Parliamentary Affairs has today published ‘Answering the West Lothian Question? A Critical Assessment of “English Votes for English Laws” in the UK Parliament’, an academic research article written by Daniel Gover and Michael Kenny. Based on evidence drawn from the 2015-17 parliament, the article evaluates whether EVEL has succeeded in answering the iconic ‘West Lothian Question’. It concludes that these new procedures appear to have overcome the main practical and constitutional obstacles associated with this type of reform, but they have, so far, failed to provide meaningful English representation at Westminster – particularly in relation to supplying England, and its MPs, with an enhanced ‘voice’.
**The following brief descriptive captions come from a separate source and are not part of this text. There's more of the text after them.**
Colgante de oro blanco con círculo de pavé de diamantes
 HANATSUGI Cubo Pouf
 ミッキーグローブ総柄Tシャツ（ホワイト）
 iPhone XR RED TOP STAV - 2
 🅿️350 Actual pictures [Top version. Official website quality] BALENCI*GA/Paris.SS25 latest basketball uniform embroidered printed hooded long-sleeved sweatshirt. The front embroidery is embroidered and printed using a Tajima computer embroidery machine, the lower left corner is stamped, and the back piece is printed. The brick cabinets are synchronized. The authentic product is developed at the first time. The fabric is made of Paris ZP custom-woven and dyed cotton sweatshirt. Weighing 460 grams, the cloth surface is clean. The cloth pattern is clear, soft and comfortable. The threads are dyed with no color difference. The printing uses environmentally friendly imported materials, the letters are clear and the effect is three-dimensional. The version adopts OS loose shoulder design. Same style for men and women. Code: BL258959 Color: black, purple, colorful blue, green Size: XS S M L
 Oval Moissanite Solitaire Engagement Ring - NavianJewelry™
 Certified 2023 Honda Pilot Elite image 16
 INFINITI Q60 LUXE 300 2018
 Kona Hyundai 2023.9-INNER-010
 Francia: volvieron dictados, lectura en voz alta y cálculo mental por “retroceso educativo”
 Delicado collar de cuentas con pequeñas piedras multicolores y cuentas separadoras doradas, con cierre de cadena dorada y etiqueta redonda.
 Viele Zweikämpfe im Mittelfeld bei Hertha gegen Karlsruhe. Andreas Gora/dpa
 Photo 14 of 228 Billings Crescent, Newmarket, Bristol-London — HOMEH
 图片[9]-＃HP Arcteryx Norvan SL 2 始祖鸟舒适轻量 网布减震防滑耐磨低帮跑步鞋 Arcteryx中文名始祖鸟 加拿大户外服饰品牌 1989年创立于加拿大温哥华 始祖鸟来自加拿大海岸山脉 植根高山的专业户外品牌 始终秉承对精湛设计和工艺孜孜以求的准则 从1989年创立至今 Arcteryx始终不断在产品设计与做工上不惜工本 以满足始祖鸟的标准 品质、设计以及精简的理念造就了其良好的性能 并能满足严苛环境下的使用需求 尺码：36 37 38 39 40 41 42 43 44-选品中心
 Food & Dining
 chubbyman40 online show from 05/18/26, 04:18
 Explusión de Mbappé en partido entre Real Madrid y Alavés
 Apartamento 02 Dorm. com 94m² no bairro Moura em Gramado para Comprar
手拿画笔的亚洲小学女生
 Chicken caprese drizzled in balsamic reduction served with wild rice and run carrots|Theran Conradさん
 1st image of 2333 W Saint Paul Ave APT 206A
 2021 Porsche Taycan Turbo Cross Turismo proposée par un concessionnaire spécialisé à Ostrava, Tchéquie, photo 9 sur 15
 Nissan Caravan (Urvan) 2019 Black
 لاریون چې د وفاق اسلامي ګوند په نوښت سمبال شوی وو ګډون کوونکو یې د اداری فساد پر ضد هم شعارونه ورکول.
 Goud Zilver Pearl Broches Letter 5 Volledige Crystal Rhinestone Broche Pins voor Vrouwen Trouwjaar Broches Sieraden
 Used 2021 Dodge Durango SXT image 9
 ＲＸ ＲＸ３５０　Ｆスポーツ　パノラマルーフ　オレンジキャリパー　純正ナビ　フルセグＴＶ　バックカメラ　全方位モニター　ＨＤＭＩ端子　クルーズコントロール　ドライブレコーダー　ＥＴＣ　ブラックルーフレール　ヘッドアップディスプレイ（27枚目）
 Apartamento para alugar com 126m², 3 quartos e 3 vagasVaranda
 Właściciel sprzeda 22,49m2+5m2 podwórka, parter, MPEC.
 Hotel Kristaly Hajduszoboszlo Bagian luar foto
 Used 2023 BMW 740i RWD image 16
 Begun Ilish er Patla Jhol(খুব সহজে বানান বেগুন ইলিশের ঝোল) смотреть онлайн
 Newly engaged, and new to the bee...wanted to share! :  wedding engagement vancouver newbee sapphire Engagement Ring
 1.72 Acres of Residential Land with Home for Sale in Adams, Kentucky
In October 2015, the UK’s newly elected Conservative government introduced a set of revisions to the standing orders of the House of Commons, commonly referred to as ‘English Votes for English Laws’ (or EVEL). This involved the implementation of new procedures designed to ensure that, on certain matters relating only to England (or England and Wales), MPs representing constituencies in the relevant part(s) of the UK would be given greater prominence during parliamentary proceedings. A central feature of the reform was the creation of new ‘legislative grand committees’, composed of all English (or English and Welsh) MPs, with the capacity to debate and—most controversially—veto legislative provisions, even if these commanded the support of the whole House. The procedures proved highly contentious in party political terms, and in the final vote to approve them MPs divided neatly along partisan lines.

The name given to the changes says much about the core motivation behind them, and the area of public concern they were designed to address. During the 2014 Scottish independence referendum campaign, all of the main unionist parties pledged to transfer new legislative powers from Westminster to the Scottish Parliament in an attempt to shore up support for the union. But the further extension of devolution in Scotland threatened simultaneously to reignite the ‘English Question’—the wider issue of how England should be governed and represented in the post-devolved UK. More specifically, it focused attention on the ‘West Lothian Question’, a long-standing complaint about the perceived unfairness of asymmetric devolution for English representation within the Westminster parliament, which had been widely judged to be fundamentally unanswerable. In the light of prime minister David Cameron’s assertion in September 2014 that EVEL would constitute a ‘decisive answer’ to the West Lothian Question that would enable the ‘voices of England [to] be heard’ (Cameron, 2014), and given the level of disagreement which these procedures have elicited at Westminster, the effectiveness and implications of this historic reform demand more careful assessment than they have hitherto received.